▼▼▼

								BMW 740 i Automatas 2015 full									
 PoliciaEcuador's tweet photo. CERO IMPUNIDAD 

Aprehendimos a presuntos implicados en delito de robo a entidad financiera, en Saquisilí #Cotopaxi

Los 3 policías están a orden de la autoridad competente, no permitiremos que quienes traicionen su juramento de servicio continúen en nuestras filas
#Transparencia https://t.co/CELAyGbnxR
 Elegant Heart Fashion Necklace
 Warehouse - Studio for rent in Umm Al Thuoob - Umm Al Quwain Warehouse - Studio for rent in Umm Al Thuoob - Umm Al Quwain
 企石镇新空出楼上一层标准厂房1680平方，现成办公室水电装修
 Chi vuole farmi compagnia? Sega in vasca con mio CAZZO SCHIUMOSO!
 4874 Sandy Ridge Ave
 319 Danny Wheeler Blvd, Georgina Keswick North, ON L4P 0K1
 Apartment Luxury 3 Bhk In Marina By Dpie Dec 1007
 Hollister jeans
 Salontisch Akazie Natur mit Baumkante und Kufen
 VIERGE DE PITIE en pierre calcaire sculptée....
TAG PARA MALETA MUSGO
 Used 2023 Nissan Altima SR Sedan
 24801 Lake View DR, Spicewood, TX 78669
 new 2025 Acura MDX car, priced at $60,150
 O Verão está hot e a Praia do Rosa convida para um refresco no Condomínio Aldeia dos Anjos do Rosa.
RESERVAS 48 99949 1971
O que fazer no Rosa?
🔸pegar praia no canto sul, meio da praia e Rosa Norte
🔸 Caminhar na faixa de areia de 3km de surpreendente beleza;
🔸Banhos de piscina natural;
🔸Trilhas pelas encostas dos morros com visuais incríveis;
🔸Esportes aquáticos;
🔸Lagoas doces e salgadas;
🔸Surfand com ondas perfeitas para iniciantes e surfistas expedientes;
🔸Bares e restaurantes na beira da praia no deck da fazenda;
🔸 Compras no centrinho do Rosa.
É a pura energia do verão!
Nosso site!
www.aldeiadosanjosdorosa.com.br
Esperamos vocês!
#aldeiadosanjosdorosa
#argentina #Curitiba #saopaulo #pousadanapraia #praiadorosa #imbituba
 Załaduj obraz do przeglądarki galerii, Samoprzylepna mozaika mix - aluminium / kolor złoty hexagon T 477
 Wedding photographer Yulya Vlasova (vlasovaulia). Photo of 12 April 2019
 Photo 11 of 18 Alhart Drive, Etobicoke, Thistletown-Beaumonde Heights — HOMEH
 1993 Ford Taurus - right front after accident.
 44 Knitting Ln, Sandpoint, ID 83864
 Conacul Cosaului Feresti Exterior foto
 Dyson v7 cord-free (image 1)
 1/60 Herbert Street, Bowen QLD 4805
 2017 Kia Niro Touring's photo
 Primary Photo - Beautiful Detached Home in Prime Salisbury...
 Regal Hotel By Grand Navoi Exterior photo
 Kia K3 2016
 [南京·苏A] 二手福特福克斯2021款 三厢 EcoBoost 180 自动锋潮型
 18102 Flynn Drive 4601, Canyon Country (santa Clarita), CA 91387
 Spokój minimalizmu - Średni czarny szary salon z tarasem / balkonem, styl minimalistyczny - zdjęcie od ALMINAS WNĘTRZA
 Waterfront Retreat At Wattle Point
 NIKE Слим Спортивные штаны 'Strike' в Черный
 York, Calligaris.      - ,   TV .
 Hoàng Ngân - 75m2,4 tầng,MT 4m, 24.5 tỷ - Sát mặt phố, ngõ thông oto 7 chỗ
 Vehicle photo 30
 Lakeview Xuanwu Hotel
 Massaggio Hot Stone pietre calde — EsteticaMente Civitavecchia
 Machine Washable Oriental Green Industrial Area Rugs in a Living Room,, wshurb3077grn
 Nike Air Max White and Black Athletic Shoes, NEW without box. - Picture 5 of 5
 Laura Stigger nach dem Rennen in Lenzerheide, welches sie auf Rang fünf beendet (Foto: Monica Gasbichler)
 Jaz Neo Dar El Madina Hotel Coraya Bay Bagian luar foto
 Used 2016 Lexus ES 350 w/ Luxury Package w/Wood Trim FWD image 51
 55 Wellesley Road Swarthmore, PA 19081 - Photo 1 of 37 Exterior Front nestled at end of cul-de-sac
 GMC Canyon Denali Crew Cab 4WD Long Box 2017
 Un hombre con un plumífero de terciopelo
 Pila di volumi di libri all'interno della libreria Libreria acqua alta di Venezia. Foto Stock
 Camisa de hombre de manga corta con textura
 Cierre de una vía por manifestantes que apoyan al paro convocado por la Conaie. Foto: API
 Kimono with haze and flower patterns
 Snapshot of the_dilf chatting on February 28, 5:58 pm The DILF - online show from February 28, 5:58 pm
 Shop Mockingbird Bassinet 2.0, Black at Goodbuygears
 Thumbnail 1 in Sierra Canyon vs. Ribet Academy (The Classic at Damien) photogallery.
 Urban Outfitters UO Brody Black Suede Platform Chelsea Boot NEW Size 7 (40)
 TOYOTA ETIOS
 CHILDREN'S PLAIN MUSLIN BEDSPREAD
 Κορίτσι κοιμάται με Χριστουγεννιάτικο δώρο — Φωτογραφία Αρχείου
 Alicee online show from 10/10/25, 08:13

▲▲▲

Please reproduce the lines from the line with "55 Wellesley Road" to the line with "Kimono with haze and flower patterns", both ends included, exactly as they appear above.

### RESPONSE TO THIS EXERCISE
 55 Wellesley Road Swarthmore, PA 19081 - Photo 1 of 37 Exterior Front nestled at end of cul-de-sac
 GMC Canyon Denali Crew Cab 4WD Long Box 2017
 Un hombre con un plumífero de terciopelo
 Pila di volumi di libri all'interno della libreria Libreria acqua alta di Venezia. Foto Stock
 Camisa de hombre de manga corta con textura
 Cierre de una vía por manifestantes que apoyan al paro convocado por la Conaie. Foto: API
 Kimono with haze and flower patterns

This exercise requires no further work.